The Organ Mountains lie in Doña Ana County in the US state of New Mexico. The impressive set of granite spires rises from Chihuahuan Desert to the tallest point at 8,976 ft (2,736 m). The Needle is the tallest and most prominent (3,734 ft/1,138 m) of the range’s 48 peaks.

Organ Mountains, New Mexico

Geography

Located in Doña Ana County in New Mexico, the Organ Mountains make for an impressive formation rising above the surrounding desert. The range’s tallest point, The Needle (8,976 ft/2,736 m) rises over the Tularosa Basin to the northeast.

The range is overlapped by several special designations. The Organ Mountains-Desert Peaks National Monument is 500,000 acres (202,340 ha) and encompasses the Organ Mountains, the Desert Peaks, the Potrillo Mountains, and the Doña Ana Mountains. Contained within the national monument is the roughly 7,600 acre (3,075 ha) Organ Needles Wilderness Study Area. This area covers part of the Organ Mountains ridgeline. The range also lies within the Organ Mountains Wilderness Area.

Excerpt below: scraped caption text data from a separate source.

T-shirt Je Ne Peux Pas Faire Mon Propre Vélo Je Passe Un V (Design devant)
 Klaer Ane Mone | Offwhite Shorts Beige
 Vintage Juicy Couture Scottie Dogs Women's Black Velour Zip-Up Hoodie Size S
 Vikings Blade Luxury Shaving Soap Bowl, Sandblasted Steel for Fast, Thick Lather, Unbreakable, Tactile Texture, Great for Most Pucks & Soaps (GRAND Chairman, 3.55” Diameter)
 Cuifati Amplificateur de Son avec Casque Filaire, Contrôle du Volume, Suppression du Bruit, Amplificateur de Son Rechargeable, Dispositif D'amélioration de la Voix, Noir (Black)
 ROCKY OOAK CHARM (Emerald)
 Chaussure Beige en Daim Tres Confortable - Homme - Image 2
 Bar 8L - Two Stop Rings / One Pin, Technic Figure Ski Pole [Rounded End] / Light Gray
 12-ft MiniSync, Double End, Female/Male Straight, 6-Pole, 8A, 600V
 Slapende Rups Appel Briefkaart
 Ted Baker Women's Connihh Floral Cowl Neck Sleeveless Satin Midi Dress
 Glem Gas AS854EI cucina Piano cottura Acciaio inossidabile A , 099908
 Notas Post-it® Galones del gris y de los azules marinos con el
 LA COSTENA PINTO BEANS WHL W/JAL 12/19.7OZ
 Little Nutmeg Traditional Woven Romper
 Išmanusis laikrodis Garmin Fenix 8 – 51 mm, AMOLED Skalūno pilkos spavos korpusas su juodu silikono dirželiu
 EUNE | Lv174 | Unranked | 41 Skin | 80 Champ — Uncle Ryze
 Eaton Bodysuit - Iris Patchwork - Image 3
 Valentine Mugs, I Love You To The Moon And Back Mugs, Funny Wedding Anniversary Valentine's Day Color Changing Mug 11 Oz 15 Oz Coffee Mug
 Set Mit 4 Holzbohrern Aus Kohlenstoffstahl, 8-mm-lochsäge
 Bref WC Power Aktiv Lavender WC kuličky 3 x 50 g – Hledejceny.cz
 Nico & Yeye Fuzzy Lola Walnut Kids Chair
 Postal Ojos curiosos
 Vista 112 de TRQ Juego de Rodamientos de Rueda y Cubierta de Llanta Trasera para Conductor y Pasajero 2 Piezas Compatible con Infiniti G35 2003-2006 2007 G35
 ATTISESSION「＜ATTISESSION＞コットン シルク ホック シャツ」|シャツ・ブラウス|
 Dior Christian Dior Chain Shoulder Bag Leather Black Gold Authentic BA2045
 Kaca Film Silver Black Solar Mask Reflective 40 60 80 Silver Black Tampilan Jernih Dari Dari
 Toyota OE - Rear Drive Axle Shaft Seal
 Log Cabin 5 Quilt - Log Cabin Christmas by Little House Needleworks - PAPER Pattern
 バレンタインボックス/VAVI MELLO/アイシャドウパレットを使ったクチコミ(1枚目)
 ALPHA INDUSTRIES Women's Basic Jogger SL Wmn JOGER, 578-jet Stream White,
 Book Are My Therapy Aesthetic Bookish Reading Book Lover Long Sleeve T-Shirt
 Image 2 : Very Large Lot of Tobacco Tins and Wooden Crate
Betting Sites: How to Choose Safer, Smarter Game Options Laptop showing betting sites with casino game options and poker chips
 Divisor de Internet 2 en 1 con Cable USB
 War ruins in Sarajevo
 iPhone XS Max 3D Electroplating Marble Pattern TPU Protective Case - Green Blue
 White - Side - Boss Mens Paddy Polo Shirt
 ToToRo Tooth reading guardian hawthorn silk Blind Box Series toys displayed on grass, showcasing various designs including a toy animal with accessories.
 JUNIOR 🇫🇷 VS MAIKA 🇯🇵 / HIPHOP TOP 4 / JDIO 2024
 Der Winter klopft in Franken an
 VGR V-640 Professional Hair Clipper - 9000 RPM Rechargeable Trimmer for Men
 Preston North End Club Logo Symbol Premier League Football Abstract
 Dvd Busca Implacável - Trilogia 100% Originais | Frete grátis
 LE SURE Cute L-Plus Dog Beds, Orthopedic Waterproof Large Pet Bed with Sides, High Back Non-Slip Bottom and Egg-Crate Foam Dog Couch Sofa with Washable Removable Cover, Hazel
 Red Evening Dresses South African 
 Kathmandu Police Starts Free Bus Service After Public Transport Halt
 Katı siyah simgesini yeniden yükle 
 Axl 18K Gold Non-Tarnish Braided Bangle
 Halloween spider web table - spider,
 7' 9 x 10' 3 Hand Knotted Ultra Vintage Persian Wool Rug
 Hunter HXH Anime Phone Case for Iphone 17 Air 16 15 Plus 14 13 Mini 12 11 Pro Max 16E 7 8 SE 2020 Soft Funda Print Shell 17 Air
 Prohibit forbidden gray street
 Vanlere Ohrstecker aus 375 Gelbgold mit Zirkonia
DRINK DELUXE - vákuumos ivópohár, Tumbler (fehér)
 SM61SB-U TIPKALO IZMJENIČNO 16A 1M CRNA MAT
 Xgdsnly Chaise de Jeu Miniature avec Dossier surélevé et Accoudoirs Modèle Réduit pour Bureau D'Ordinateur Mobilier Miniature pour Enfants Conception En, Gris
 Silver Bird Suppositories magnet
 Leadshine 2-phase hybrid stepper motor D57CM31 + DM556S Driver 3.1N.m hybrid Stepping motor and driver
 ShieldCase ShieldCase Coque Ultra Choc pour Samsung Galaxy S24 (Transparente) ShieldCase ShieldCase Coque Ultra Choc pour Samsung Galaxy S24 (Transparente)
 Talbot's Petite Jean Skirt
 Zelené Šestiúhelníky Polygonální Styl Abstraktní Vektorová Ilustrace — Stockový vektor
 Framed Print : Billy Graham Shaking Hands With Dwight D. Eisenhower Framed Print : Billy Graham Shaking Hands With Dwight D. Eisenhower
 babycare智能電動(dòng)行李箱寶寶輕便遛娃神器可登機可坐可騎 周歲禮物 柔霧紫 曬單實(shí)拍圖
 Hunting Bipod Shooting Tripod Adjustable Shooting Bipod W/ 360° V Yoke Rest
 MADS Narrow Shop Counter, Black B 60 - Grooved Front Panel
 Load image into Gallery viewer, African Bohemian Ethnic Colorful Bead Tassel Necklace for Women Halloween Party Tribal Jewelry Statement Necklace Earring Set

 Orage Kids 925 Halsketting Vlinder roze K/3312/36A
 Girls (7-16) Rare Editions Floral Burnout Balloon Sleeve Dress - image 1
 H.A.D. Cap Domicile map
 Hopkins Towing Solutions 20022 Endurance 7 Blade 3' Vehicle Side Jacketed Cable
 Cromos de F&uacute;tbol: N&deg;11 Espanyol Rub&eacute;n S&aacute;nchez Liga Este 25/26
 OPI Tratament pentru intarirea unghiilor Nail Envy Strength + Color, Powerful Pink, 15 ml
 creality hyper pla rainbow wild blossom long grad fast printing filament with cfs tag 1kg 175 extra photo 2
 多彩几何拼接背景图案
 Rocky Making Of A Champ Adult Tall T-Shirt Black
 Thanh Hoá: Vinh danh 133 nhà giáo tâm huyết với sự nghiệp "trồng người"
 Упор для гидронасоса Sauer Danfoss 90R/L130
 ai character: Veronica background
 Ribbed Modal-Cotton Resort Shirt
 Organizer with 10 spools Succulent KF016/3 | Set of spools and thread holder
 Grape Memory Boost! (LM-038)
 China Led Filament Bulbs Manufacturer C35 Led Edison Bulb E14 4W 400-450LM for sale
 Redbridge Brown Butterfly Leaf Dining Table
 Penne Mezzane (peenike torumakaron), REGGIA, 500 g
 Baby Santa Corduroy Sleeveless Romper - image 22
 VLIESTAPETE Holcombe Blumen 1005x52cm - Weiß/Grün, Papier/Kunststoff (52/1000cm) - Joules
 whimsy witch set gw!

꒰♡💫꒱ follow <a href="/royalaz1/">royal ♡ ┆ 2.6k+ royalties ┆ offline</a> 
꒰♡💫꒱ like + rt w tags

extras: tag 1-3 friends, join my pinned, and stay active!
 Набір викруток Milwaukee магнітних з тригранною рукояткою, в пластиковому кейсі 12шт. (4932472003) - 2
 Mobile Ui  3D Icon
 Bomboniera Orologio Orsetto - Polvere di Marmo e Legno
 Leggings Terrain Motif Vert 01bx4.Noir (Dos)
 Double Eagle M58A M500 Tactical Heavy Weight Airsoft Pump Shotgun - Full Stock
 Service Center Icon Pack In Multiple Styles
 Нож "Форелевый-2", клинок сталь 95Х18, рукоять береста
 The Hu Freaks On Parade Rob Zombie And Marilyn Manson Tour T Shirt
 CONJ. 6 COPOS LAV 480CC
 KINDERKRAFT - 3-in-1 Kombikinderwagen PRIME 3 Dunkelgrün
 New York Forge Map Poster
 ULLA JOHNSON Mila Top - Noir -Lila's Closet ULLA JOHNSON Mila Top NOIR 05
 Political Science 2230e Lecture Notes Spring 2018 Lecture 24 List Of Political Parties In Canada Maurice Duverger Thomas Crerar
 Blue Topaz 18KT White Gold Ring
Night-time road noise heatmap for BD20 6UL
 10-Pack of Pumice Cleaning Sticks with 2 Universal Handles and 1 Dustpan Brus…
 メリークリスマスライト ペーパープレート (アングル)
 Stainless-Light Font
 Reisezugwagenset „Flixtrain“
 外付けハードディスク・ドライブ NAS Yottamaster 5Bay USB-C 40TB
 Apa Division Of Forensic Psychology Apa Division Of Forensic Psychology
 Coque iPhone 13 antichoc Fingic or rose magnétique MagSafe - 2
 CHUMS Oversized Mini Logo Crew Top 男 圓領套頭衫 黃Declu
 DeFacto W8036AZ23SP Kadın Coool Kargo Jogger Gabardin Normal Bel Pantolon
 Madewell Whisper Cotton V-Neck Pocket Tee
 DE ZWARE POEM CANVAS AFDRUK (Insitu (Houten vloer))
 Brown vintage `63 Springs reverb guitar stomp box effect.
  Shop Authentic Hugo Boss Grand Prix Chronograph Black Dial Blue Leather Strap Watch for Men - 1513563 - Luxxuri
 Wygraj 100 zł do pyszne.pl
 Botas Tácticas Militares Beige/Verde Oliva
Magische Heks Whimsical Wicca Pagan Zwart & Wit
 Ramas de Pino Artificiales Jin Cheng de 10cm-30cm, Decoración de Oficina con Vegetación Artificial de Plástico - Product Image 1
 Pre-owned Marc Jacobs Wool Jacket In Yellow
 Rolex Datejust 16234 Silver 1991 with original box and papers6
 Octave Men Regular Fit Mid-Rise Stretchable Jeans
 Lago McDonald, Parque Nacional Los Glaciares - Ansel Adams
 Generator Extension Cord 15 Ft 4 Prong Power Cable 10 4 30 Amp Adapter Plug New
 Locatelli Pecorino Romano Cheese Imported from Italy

Organ Mountains, New Mexico

Other protected areas near the range include the Peña Blanca Wilderness Study Area, Aden Lava Flow Wilderness, and San Andres National Wildlife Refuge.

Geology

The Organ Mountains are part of the Basin and Range Province and their geologic history dates back to the Paleozic Era 541 to 251.9 million years ago when the area was covered by a warm, shallow sea. Fossils from this era are preserved in shales and limestones west of the Organ Needles.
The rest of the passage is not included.